__The task__. Beginning at the line that mentions "Women’s Twist Front", retype the rest of the records below exactly. Pictures are not part of the copy.

Records to use Block Start

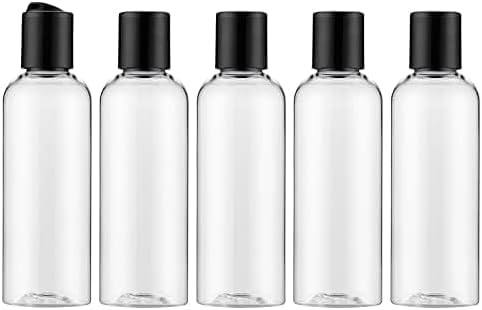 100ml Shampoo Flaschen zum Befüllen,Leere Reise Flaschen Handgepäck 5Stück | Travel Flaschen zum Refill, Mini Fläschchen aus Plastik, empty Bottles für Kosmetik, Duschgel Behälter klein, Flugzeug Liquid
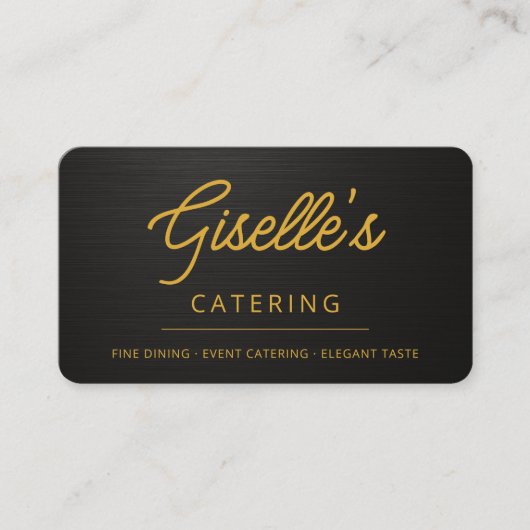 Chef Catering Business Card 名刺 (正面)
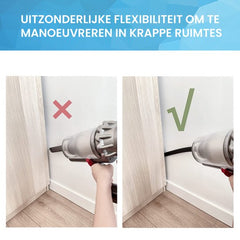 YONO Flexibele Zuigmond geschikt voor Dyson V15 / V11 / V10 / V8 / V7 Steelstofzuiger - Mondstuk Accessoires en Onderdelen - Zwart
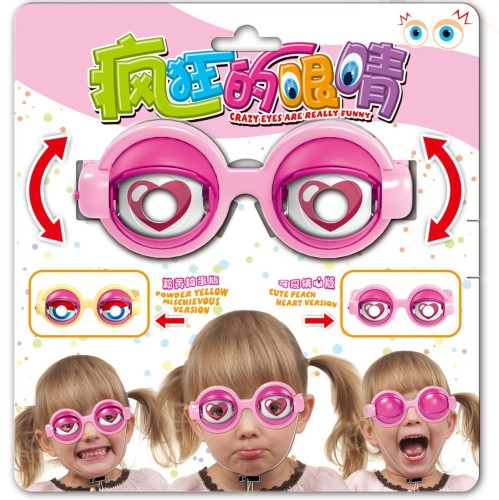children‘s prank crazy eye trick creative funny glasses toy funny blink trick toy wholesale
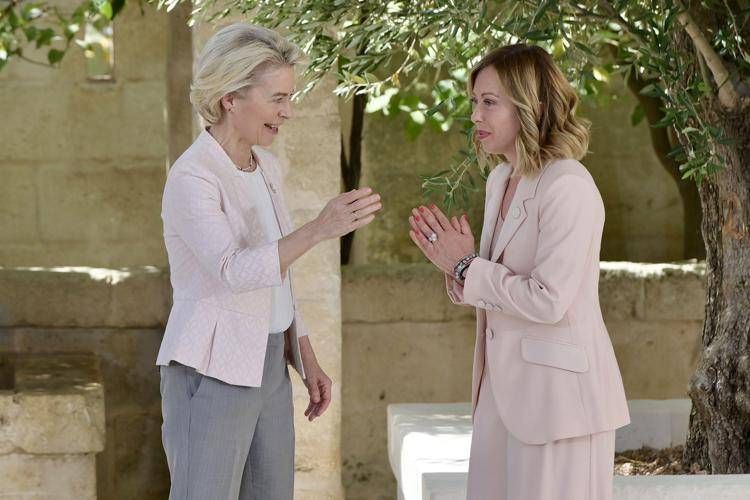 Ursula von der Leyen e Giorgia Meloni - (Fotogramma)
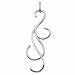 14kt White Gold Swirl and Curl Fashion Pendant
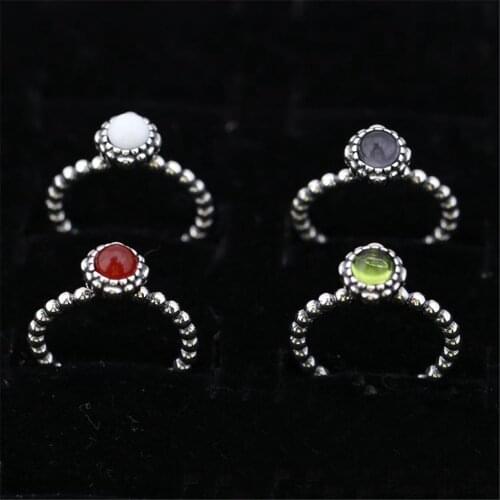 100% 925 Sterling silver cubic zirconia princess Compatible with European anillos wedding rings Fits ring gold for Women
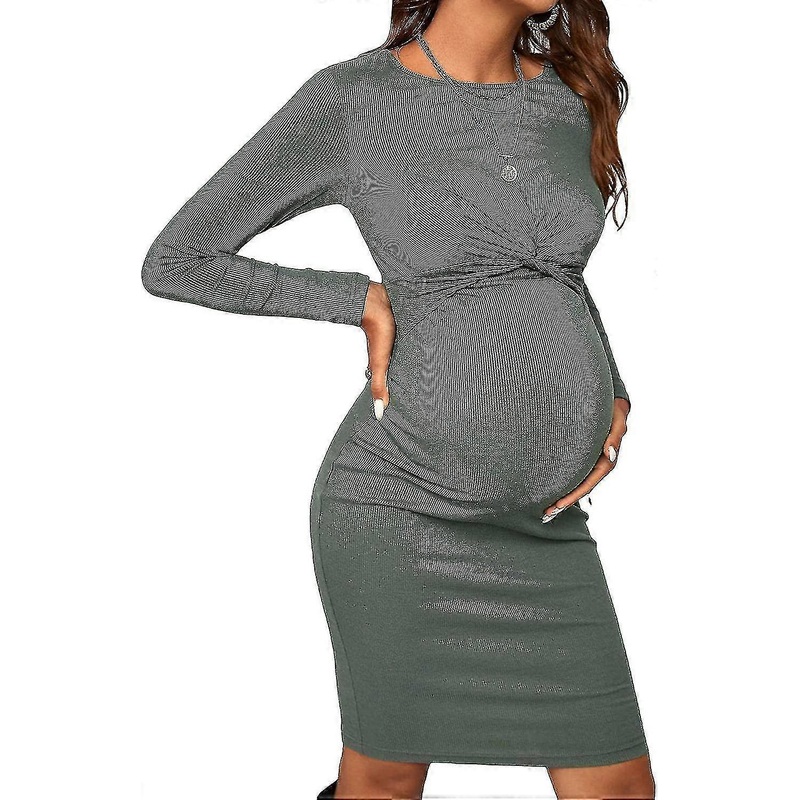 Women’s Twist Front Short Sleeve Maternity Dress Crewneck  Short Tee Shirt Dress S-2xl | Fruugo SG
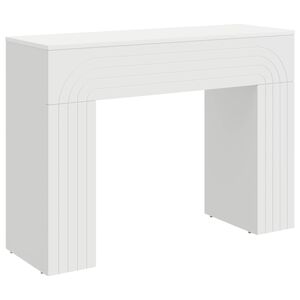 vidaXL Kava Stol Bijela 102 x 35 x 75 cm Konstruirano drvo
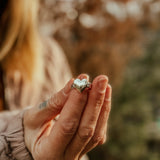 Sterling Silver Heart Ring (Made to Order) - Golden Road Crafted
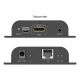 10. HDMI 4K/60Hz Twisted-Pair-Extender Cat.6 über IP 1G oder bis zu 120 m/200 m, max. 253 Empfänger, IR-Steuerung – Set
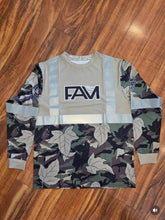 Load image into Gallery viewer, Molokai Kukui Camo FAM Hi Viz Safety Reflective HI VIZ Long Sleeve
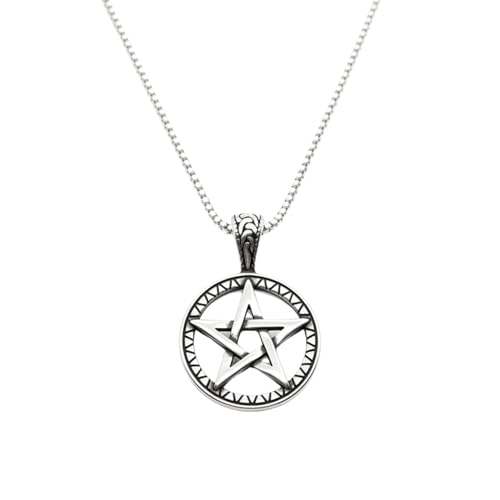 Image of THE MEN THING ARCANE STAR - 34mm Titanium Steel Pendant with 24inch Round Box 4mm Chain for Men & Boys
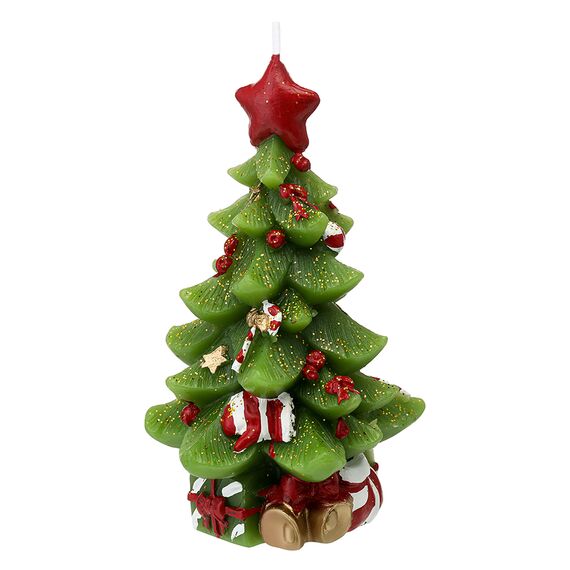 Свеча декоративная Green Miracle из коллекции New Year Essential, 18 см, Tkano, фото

Records to use Block End

__Final answer__.
 Women’s Twist Front Short Sleeve Maternity Dress Crewneck  Short Tee Shirt Dress S-2xl | Fruugo SG
 vidaXL Kava Stol Bijela 102 x 35 x 75 cm Konstruirano drvo
 Sterling Silver Heart Ring (Made to Order) - Golden Road Crafted
 10. HDMI 4K/60Hz Twisted-Pair-Extender Cat.6 über IP 1G oder bis zu 120 m/200 m, max. 253 Empfänger, IR-Steuerung – Set
 Load image into Gallery viewer, Molokai Kukui Camo FAM Hi Viz Safety Reflective HI VIZ Long Sleeve
 Image of THE MEN THING ARCANE STAR - 34mm Titanium Steel Pendant with 24inch Round Box 4mm Chain for Men & Boys
 Свеча декоративная Green Miracle из коллекции New Year Essential, 18 см, Tkano, фото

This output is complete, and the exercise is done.